The doctor was big-a heavy-set man who'd look comfortable among the farmers in Mountain Grove with his thick, blocky, build. He was bald, but had a full beard. Jared always imagined men grew beards to make up for hair loss. Kind eyes, though, brown, like a doe's….
He heard the doctor speak his mama's name, the edge of sharpness in his tone snapping Jared's wandering mind back to full attention. "Mrs. Padalecki?"
"I heard you. And of course there's been no testing." Mama replied in a scathing tone. "There's no need. Even if by some unlikely happening he was a-a-carrier-Family has no unnatural desires, so, no need.
"It's not just because of the possibility of a pregnancy." The doctor tried his best to look sympathetic, warm, but Jared was picking up that undertone of...frustration?
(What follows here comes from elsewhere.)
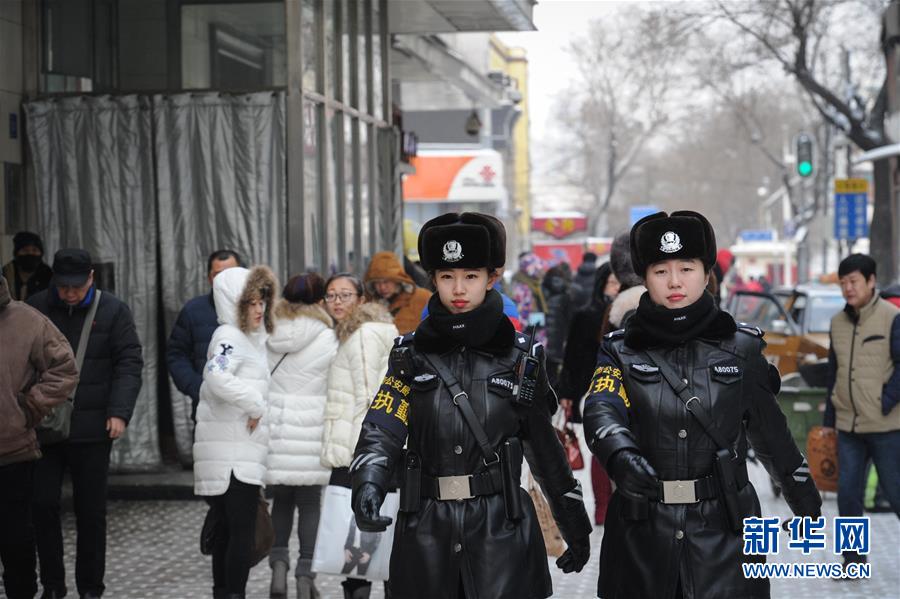 Policiais femininas em servi?o a -30oC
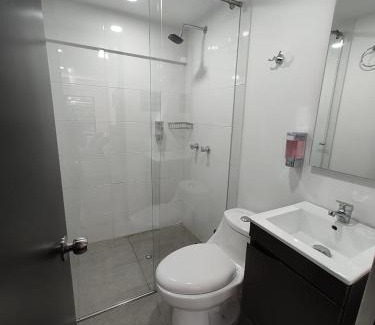 Teusaquillo Hotel | HOTEL SALITRE STAR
Irritation? "There are other factors that make it good practice to be tested at birth: carriers are prone to weak bones, kidney and liver disorders, high blood pressure-to name just a few health problems, and if the carrier menstruates, it can be extremely painful and debilitating, leading to-"
"Ridiculous! The boy's always been healthy as a horse, and I'll thank you not to talk that way in front of my son!"
The doctor cut his eyes over to Jared and then quietly, politely asked Mama to leave the room for a few minutes, so that he could speak with her son.
"You see, Mrs. Padalecki, the law allows you freedom of religious belief, which is why you didn't have to get Jared tested. However, it does not allow for you to invade his privacy, here, now, in my office. If he chooses to, he can talk to me alone. Jared?"
Jared kept his eyes on the floor, afraid to meet Mama's steely gaze, but he nodded his head. Yes. He had to know what was wrong with him and if it could be fixed, and he didn't want his mama murdering the doctor-and him-in case there really was something horribly wrong with him.
Once Mama had gone, they sat quietly for a moment, not saying a word. Finally, the doctor cleared his throat. "Jared, this is not my first time treating a patient from the Family communities. And, just guessing here, but am I right in assuming, since you wanted to speak to me alone...you're a carrier?"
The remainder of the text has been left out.